Last June, Nino Niederreiter was watching the NHL draft because he had a pretty good idea that fellow Switzerland native Mirco Mueller would be taken in the first round, no later than the No. 18 pick held by the San Jose Sharks. He was right about that.
What he didn’t expect was to hear his own name again at a draft, for the second time in four years. In 2010, he was the No. 5 overall pick, selected by the New York Islanders right after the Columbus Blue Jackets grabbed Ryan Johansen.
This time around, it was news that his Islanders career, as it were, was over.
“I was sitting at home on the couch,” Niederreiter said. “All of a sudden I heard my name getting traded.
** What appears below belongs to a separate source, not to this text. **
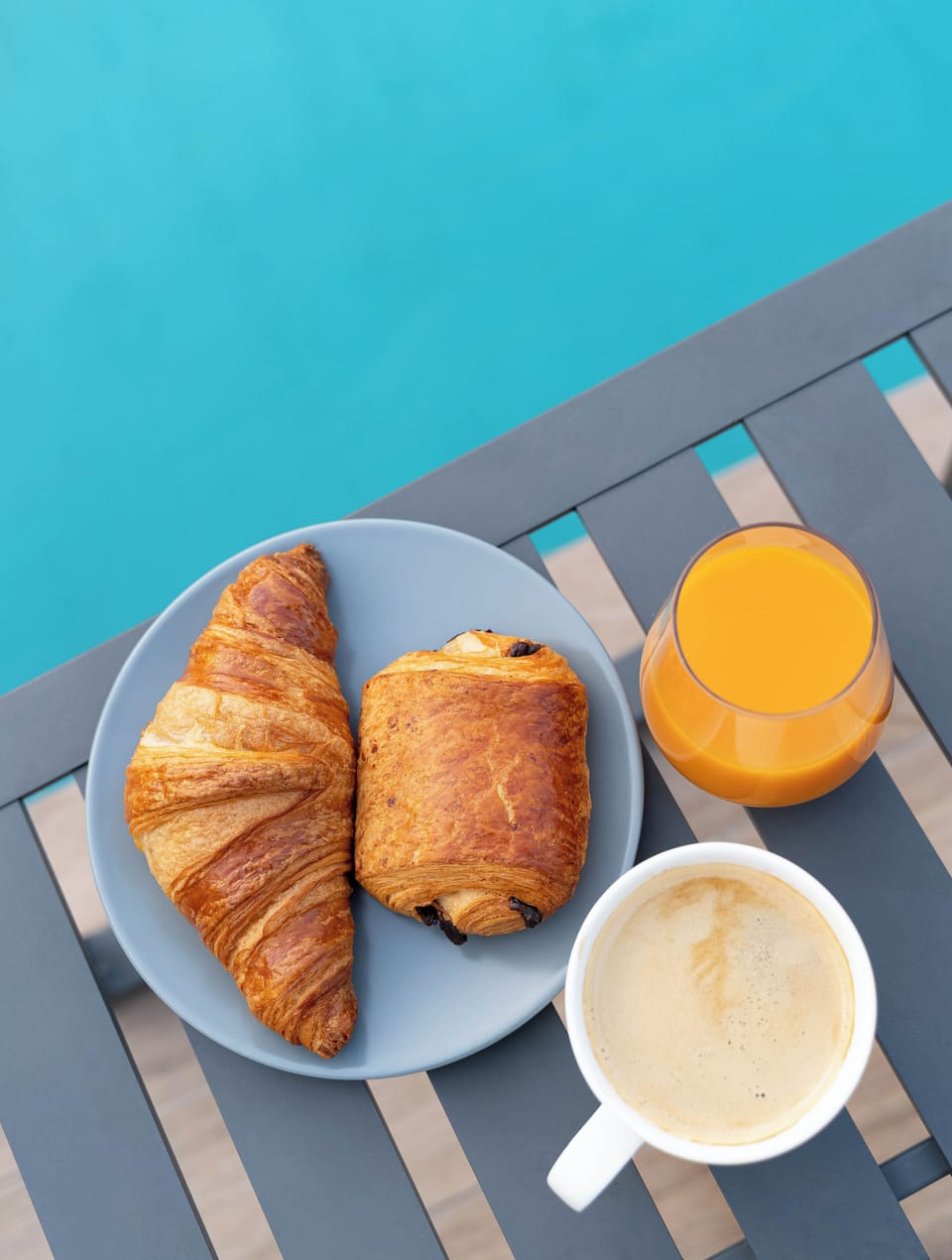 Daily buffet breakfast (EUR 25 per person)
I was like, ‘Wow.’ I saw it on TV and then one phone call after another came.”
After his camp publicly feuded with Islanders general manager Garth Snow about his lack of NHL playing time, things soured and he became available. He didn’t know much about the Minnesota Wild, other than that they had been interested in him for a while.
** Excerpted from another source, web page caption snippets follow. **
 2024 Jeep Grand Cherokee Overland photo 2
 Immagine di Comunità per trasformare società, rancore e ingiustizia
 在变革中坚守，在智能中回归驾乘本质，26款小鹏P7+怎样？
“The day I got drafted, I knew I wouldn’t get later than Minnesota,” he said. “I knew they really wanted me."
Instead he went No. 5, and the Wild grabbed Mikael Granlund at No. 9 to boost the skill level of their organization.
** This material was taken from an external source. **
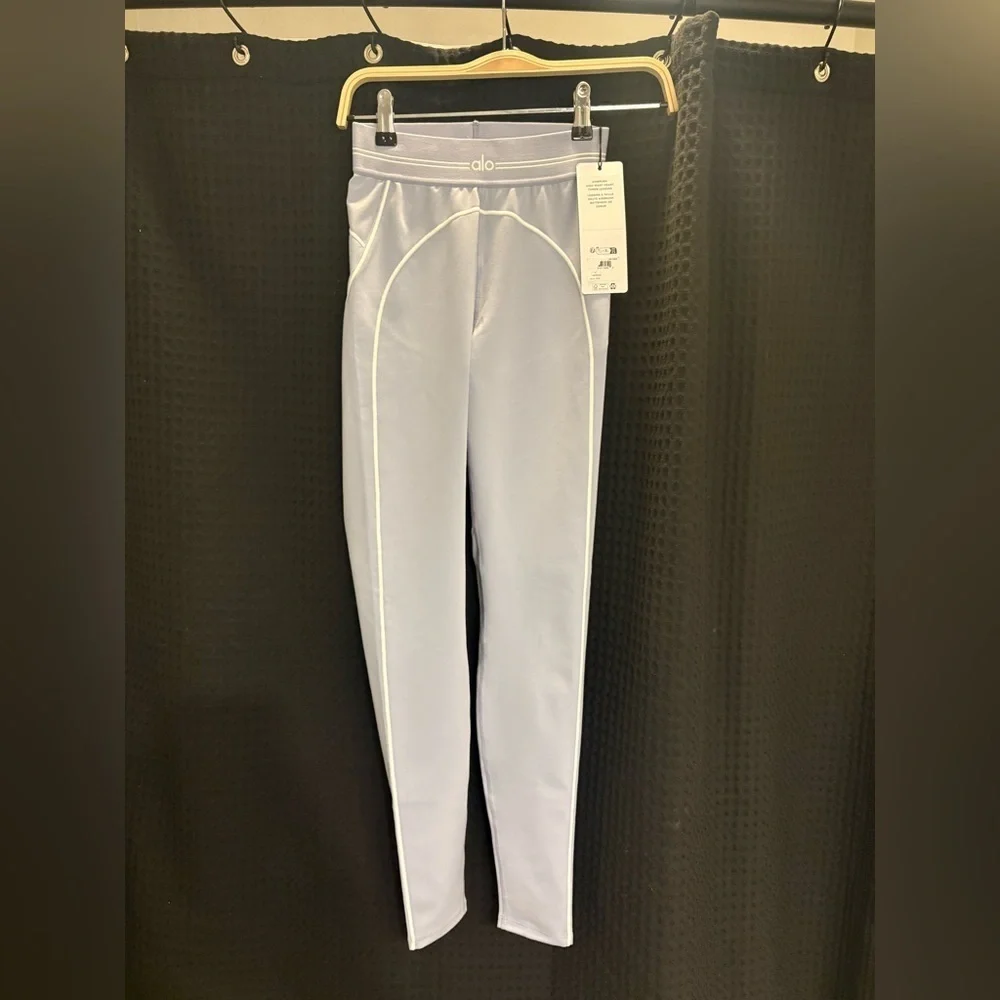 ALO Yoga Airbrush High-Waist Heart Throb Legging Winter Frost/White XXS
Now, they’ve got them both.
What started off as an effort to cut salary -- which the Wild had to do a lot of last summer -- ended up with Minnesota injecting another young player into its interesting mix of veterans and youth. Most importantly, in acquiring Niederreiter at a discount for Cal Clutterbuck and a third-round pick, they did it during a time in which the salary cap dropped, adding Niederreiter to the list of guys playing on their entry-level contracts this season, which also included Charlie Coyle and Granlund.
When he arrived, his new teammates immediately saw the skill set that made him such a high draft pick.
“The first thing you obviously notice is the shot. If he ever misses the net, you hear the way it hits the glass. There aren't many slapshots that make that type of noise, and that’s his wrist shot,” teammate Kyle Brodziak said when we chatted in Chicago. “He’s a big kid. He moves well, he uses his body, and he has a lot of attributes to him."
And now, after dealing with the disappointment of not being a part of the Islanders' return to the playoffs, he had a clean slate. That’s how coach Mike Yeo presented the new situation to him. He had an opportunity to make the team, but no guarantees. It also came without the the high expectations that often burden young players drafted as high as he was.
“It didn't take long for me to get a chance to start working with him and see he was hungry to learn,” Yeo said. “Once we saw that, we knew we could definitely work with this kid.”
In 81 games this season, bouncing around from line to line and among forward positions because of his versatility, he scored 14 goals after having just two in 64 games with the Islanders. The biggest payoff came in the first round of the playoffs, when Niederreiter scored two goals, including the overtime game winner, to lift the Wild past the Colorado Avalanche.
With the Chicago Blackhawks' stars doing a good job wiping out contributions from the Wild’s top players, it may take another big performance by Niederreiter or some of Minnesota’s youth to get back in the series.